Thrown out of a moving train by a five men trying to snatch her gold chain in 2011, Arunima Sinha lost a leg. But what she did gain from that experience was determination, confidence and a goal — to try and set foot on the tallest mountain of the world.
Two years, and a number of rigorous training sessions later, Arunima is ready to take a shot at history. She will attempt the Everest peak on an artificial limb in April-May in an expedition that will be sponsored by Tata Steel.
Legendary climber Bachendri Pal, who has been training Sinha for nearly a year in the Uttar Kashi region, said she was confident of the girl’s abilities.

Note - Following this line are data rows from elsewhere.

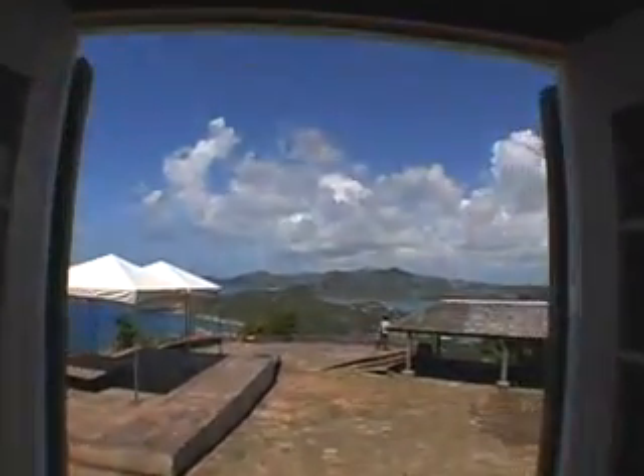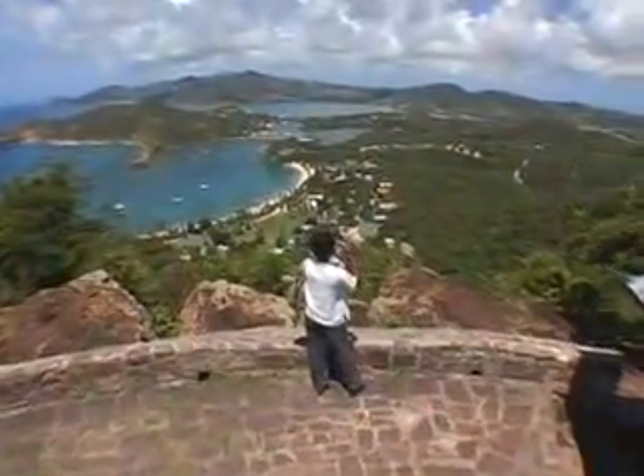Continue on to Shirley Heights, where you can explore the ruins and Fort James, and take in some great views of the English Harbor and Nelson's Dockyard.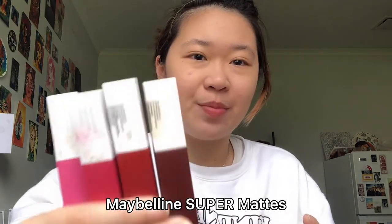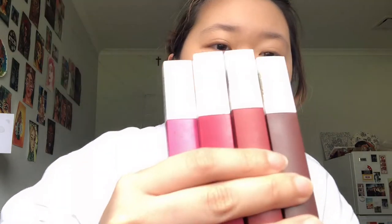Next up are my Maybelline Super Mattes — I used these in my last video where I tried out makeup techniques I hadn't tried before, so go check that out. The packaging is matte and looks so high-end. There are four different shades today, though I believe there are more in the range. We'll start with the lightest color: this is 125 Inspirer. I don't usually use this because I don't like lipsticks that lighten my lips, but I'm going to try it out.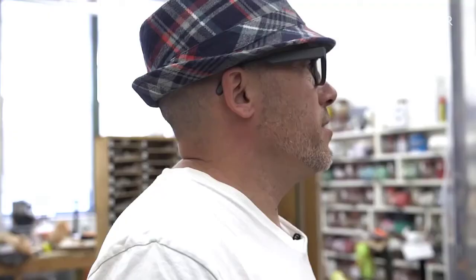It takes anywhere from three weeks to a month for Bradley to complete a painting. It's just this kind of quintessential 'dumb' material that I love to use so much.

“She has a lot of guts. I have trained her for the Everest expedition and am sure that she will come out a winner,” Pal told The Telegraph.
Recounting her days in the mountain with Arunima, Pal said the girl fought blisters and wounds on her leg to keep on climbing.

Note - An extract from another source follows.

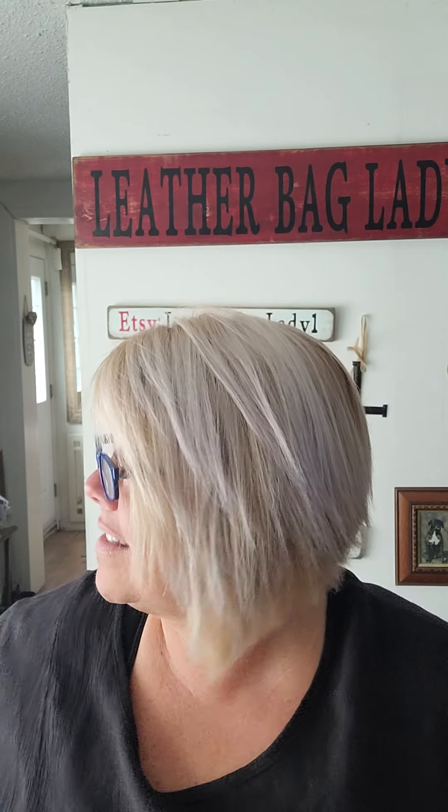Good afternoon everybody, it's 20 after 12 so it's just afternoon. It's Lynn, the Leather Bag Lady here. How are you? It's a Tuesday and a crappy day — it's not raining but it's very damp and kind of yucky. We've had a lot of rain in the last three days — Leather Bag Lady weather, so hopefully...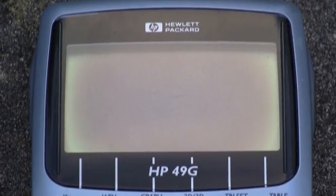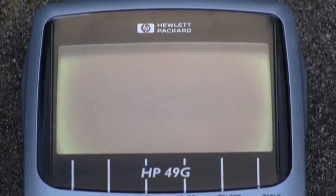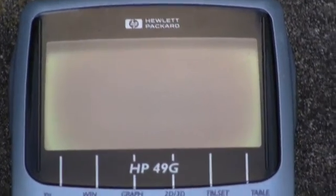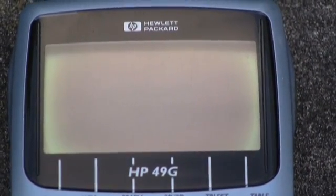How widespread is the problem? We've observed this problem with screens in Casio, Texas Instruments, even Yamaha and other products. We have observed this darkening of the LCD screens across multiple brands.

“I used to shiver at the sight but she smiled through it all. She often used to say that the trauma of losing a leg for her was perhaps less challenging than conquering the Everest peak,” Pal said.
The blisters, Arunima said, were a result of friction caused by the prosthesis on her knee. The artificial leg worn by her was plastic coated and had a carbon rod inside.
“The upper end of the artificial limb that she wore came in contact with her knee with every step she took. This led to blisters and wounds. It was a very painful affair. But she carried on despite all odds. In fact, she used to trek for 8-10 km daily to prepare herself,” Pal said.
Arunima’s brother Omprakash said she used liner socks that protect her knee from coming into contact with the artificial limb.
“The liner is supposed to soak the blood trickling out from the wound. However, it is not foolproof and leaves scope for blisters. About 100-150 mg of blood came out from her knee when she trekked to Surya Top (13,500 ft) or Darwa Top (13,000 ft),” added the head constable with CRPF who quit his job to support her sister’s endeavour.
Arunima would be training till mid-March before coming back to Jamshedpur. She will then leave for New Delhi, before making way to Kathmandu, one of the gateways to the Everest.